KOMPAS.com - Lontong, opor ayam, sambal goreng ati ampela, lodeh, telur, pindang, bawang goreng, bubuk dokcang, hingga ayam abing dapat kita temui di meja makan saat perayaan Cap Go Meh.
Di negara asalnya, kuliner khas yang disantap dalam perayaan Cap Go Meh banyak yang berbahan dasar ketan, seperti ronde.
Uniknya, peranakan Tionghoa di Indonesia juga menyantap lontong untuk merayakan malam ke-15 penanggalan China tersebut.
Bagaimana lontong bisa menjadi sajian khas Cap Go Meh?
Perayaan Tahun Baru Imlek di Tiongkok merupakan perayaan yang digelar meriah.
Penutupan perayaan ini bahkan dibuat khusus, yang disebut dengan yuan xiao jie. Namun istilah itu tidak akrab di Indonesia.
Baca juga: Asal Usul Bacang dan Kicang, Penganan Khas Tionghoa
Peranakan Tionghoa di Indonesia lebih sering memakai istilah shang yuan jie, kemudian disederhanakan penyebutannya menjadi Cap Go Meh yang diambil dari dialek Hokkian.
Cap Go Meh artinya malam ke-15 atau malam bulan purnama.
Seperti disebutkan sebelumnya, ketan menjadi bahan pangan yang kerap diolah untuk merayakan Cap Go Meh.
Kendati demikian, tidak semua bahan pangan tersebut dapat terpenuhi di negeri perantauan.
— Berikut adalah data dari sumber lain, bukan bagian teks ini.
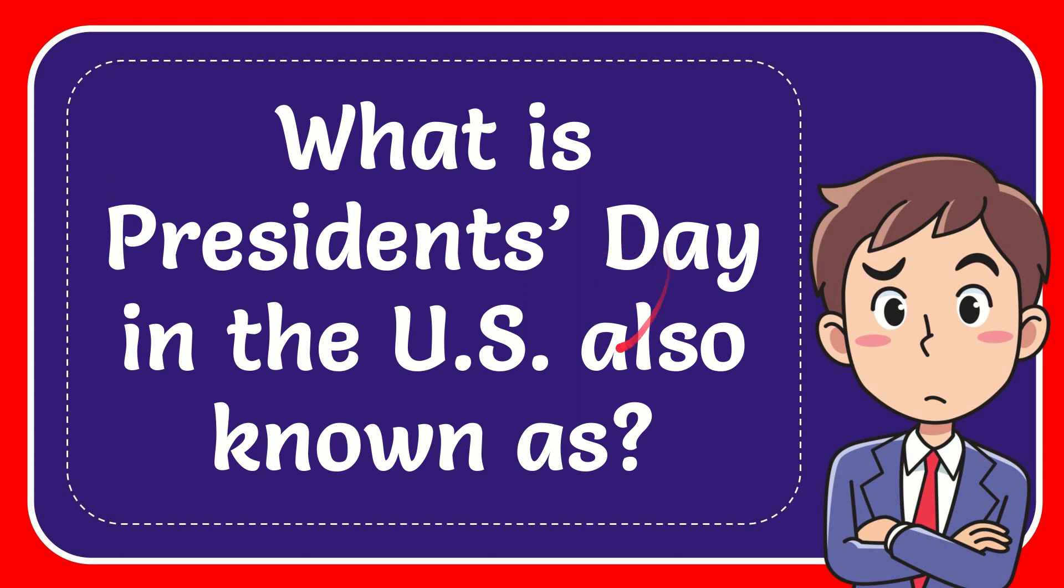In this video I'm going to give you the answer for this question. The question is, what is Presidents' Day in the U.S. also known as?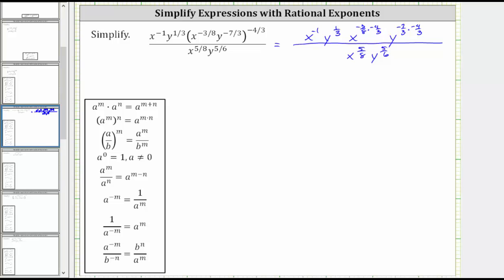Now let's determine these two products. For the exponent on this x, we have negative 3 eighths times negative 4 thirds. Let's simplify out the common factors between the numerators and denominators before multiplying. There is a common factor of three, and a common factor of four. This simplifies to negative 1 half times negative 1, which is equal to positive 1 half.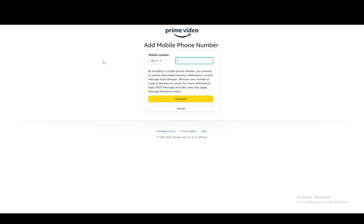This will add it to Amazon as to your Amazon account as well as your Prime Video account, which are pretty much one and the same.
Jadilah olahan ketan diganti dengan beras, yang kemudian dibuat menjadi lontong.
Teknik pembuatannya diadaptasi dari pembuatan bacang dan kicang yang telah ada selama ribuan tahun. Bedanya, lontong terbuat dari beras, bukan ketan.
Baca juga: Tangyuan, Sajian Khas Imlek yang Jadi Cikal Bakal Wedang Ronde
Dikutip dari buku Peranakan Tionghoa dalam Kuliner Nusantara (2013) oleh Aji Chen Bromokusumo, keberadaan lontong Cap Go Meh sendiri hampir sama tuanya dengan kehadiran imigran Tionghoa di Nusantara.
Lontong hadir sebagai proses akulturasi budaya, di mana masyarakat Tionghoa dapat menyelaraskan bahan pangan yang ada tetapi tetap menjalankan tradisi mereka.